Delphi Parallel Programming Library & Memory Managers
In September 2014 Delphi XE7 was launched. I was excited to try the new Parallel Programming Library (PPL). I thought I’d be able to quickly and easily write code which takes advantage of the processors in my Intel i7 machine. To my dismay the performance improvement were virtually non-existent if there was any memory allocation carried out in parallel. I even brought up the subject on Google+ (see here: https://goo.gl/hWc6Z6). The bottleneck seemed to be with FastMM4. When it was first bundled with Delphi 2006, FastMM4 was a breakthrough in single core memory management. But FastMM4 had not been designed for multi-threaded performance. In my tests the PPL versions of my test routines were slower than the single core versions. I concluded it was wiser to stick with the simpler single core routine, and hope for a solution.

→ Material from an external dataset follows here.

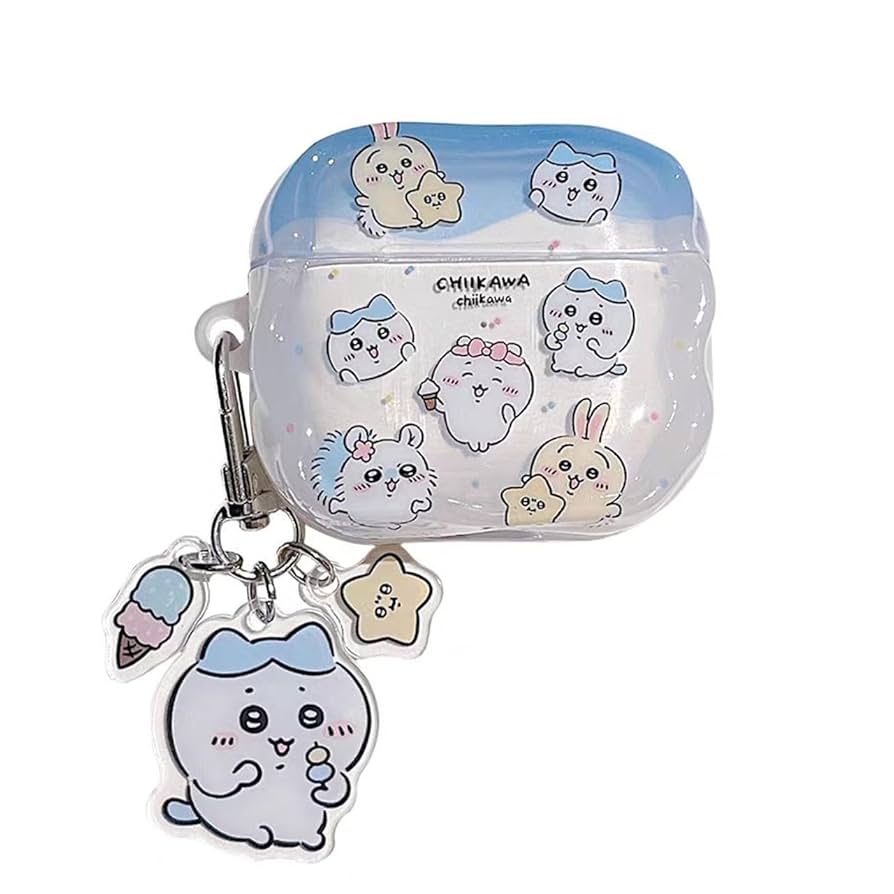 ちいかわcasetify ハチワレ AirPodsケース ちいかわcasetify ハチワレ AirPodsケース - メルカリ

A week ago I stumbled across this thread on Google+, “Why is the FastMM4 development stalled?”. I’d never heard about NexusDB’s memory manager. Apparently it scales well in a multi-thread environment. Eivind Bakkestuen from NexusDB kindly offered to provide a test copy. So I thought I’d give it a try. I went back to my main application and fired up the parallel map rendering routines of my Sales Territory Mapping application. To my amazement I got a instant speedup of 68% when using the NexusDB memory manager. I was ecstatic! Out of pure interest I then tried the parallel rendering using FastMM4. To my surprise FastMM4 performed equally as well as NexusDB. What has changed since 2014? FastMM4 hadn’t been updated since May 2013. Was it something new with the PPL included with Delphi 10 Seattle? Or was it as a result of Windows 10. I also noticed the memory manager included with Delphi didn’t perform quite as well as explicitly including FastMM4 at the start of the “dproj” file.
So I set out to create a test and investigate further.

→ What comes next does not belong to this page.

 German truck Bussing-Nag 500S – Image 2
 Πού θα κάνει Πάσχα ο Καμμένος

I created a test project (you can download it here). It’s nothing special. The small app creates and destroys lists of small and simple objects. I quickly established there was no speed difference between XE7 and Delphi 10 Seattle applications. I then create six Delphi 10 Seattle versions of the application; a 32 bit and 64 bit version of with the native memory manager, FastMM4 and NexusDB:
Each executable can run in single-core or multi-core mode. You can download the executables here (SpeedTest.zip). I then ran them on four different laptops:
- Dell XPS 15: Windows 10 2.6 GHz i7-6700HQ
- HP from 2009: Windows 7 2.2 GHz i7-2670QM
- HP from 2014: Windows 8.1 2.4 GHz i7-3630QM
- Surface Book: Windows 10 2.4 GUs i5-6300U
Here are the 32 bit results – each value is the times in milliseconds required to execute (smaller is better):
And here are the 64 bit results – each value is the times in milliseconds required to execute (smaller is better):
And here are the key points:
- NexusDB’s memory manager was impressive in every multi-threaded test (in some cases double the speed of FastMM4)
- FastMM4 did much better than I expected. There was a measurable speed improvement in all multi-threaded tests
- The native memory manager (which I thought was FastMM4) was measurably slower than FastMM4 in most multi-threaded tests (e.g. 64 bit multi-threaded). The difference was negligible in single thread tests.
- I was amazed at how well the 2009 laptop performed – Moore’s Law is clearly dead for laptops.
My conclusion is that NexusDB’s memory manager is the one to use if multi-thread performance is an issue.
All of these tests were carried out on laptops. I’d love to see the speeds when run on an eight core machine.